Origin Of ‘Wild Goose Chase’

It’s believed that this phrase’s origin is rooted in some type of 16th century horse racing. Apparently, back then, a “wild goose chase” was a horse race in which the lead rider would be pursued by other riders, which is said to be similar to how geese flying in a formation will follow the one in the lead. However, the rules and details of this sort of race don’t seem to be very clear; the opinions on it vary.

This phrase was used in a figurative way by William Shakespeare in the play Romeo and Juliet, believed to have been written in 1594 or 1595:

“Nay, if thy wits run the wild-goose chase, I have done, for thou hast more of the wild-goose in one of thy wits than, I am sure, I have in my whole five: was I with you there for the goose?”

Example Sentence(s)

  1. I was searching for my cat all over the house but I couldn’t find her anywhere.
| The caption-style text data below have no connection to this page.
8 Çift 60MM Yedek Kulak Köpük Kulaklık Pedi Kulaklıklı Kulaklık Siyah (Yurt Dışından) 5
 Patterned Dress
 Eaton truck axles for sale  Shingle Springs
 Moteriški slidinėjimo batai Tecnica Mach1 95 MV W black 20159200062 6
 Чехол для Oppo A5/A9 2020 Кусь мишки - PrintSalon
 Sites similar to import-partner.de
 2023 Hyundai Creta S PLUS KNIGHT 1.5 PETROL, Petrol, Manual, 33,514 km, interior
It really felt like I was on a wild goose chase, but then I remembered that I let her outside this morning.
  2. Jake had a laptop that wouldn’t turn on, so he called customer service to try and get it repaired. They kept redirecting his call and then his call would disconnect randomly. This whole process was taking forever. He felt like he was on a wild goose chase trying to get his laptop repaired.

Note: While this is not the case for all common phrases and idioms, when it comes to their origin, sometimes it will not be clear. In such cases, what you’ll usually see are theories or guesses that take a gander as to where the phrase may have come from, but these may not be accurate.

Additionally, the quotes that I… quote, are typically the oldest that I can find. These come from old books, poems, or newspapers, etc. Keep in mind, though, that there could be an older recording that I possibly overlooked.